Image-text web data
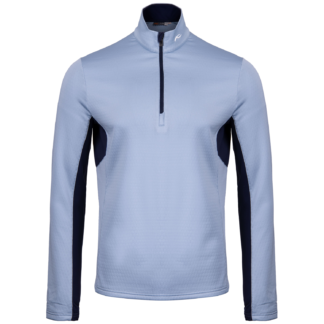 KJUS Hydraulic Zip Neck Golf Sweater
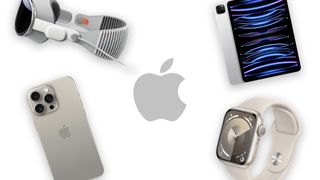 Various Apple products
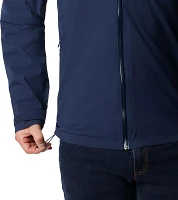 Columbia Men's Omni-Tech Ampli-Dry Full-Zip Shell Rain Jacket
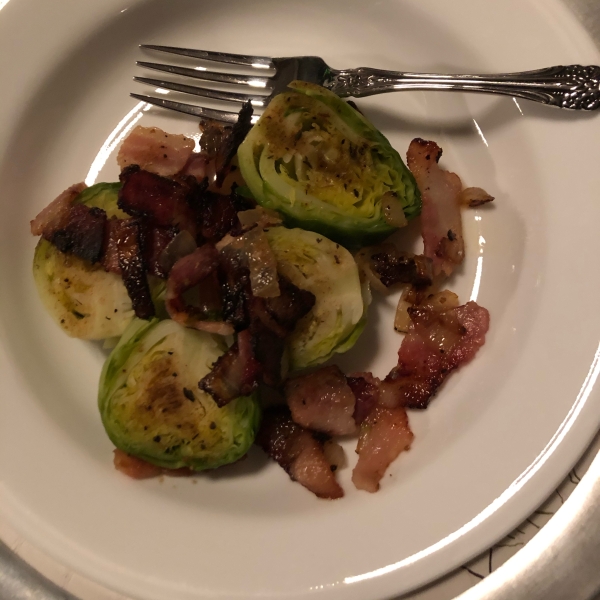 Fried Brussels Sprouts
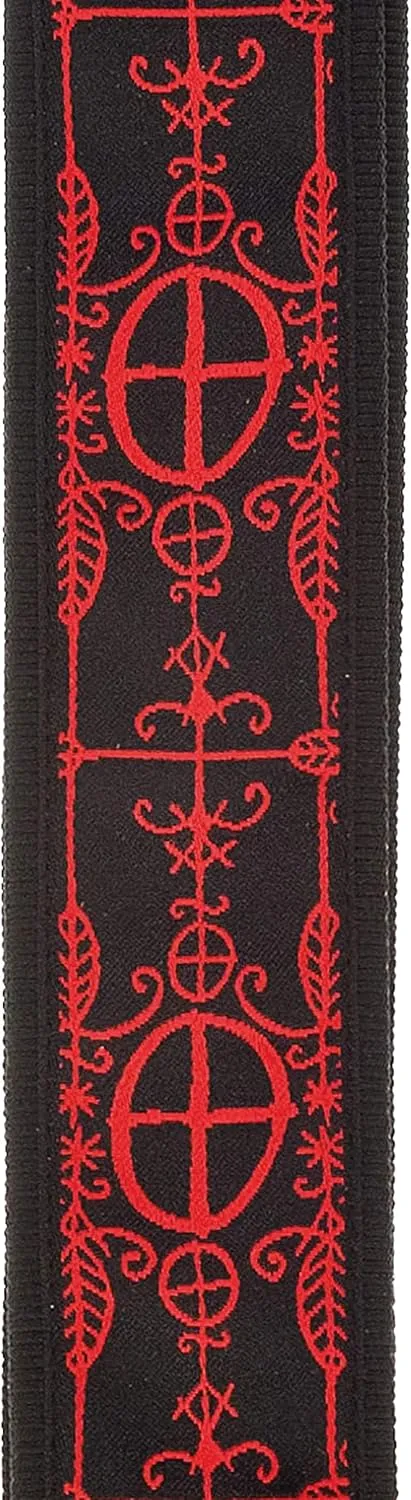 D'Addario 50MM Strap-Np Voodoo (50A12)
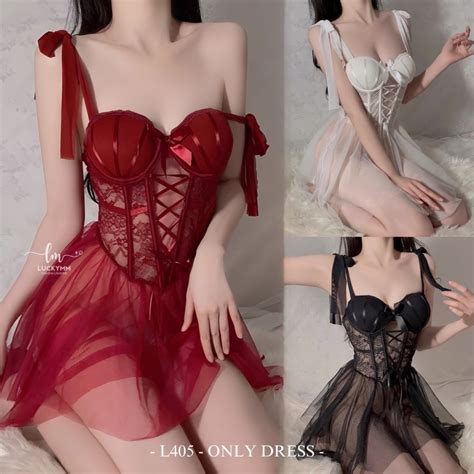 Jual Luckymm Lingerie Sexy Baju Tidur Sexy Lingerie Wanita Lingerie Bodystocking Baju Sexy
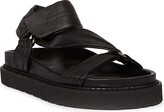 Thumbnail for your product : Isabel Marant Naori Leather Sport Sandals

*What this task involves:* The lines to return run from the line containing "Fried Brussels Sprouts" through the last line of the records. Give them exactly, omitting pictures.

*Exercise output:*
 Fried Brussels Sprouts
 D'Addario 50MM Strap-Np Voodoo (50A12)
 Jual Luckymm Lingerie Sexy Baju Tidur Sexy Lingerie Wanita Lingerie Bodystocking Baju Sexy
 Thumbnail for your product : Isabel Marant Naori Leather Sport Sandals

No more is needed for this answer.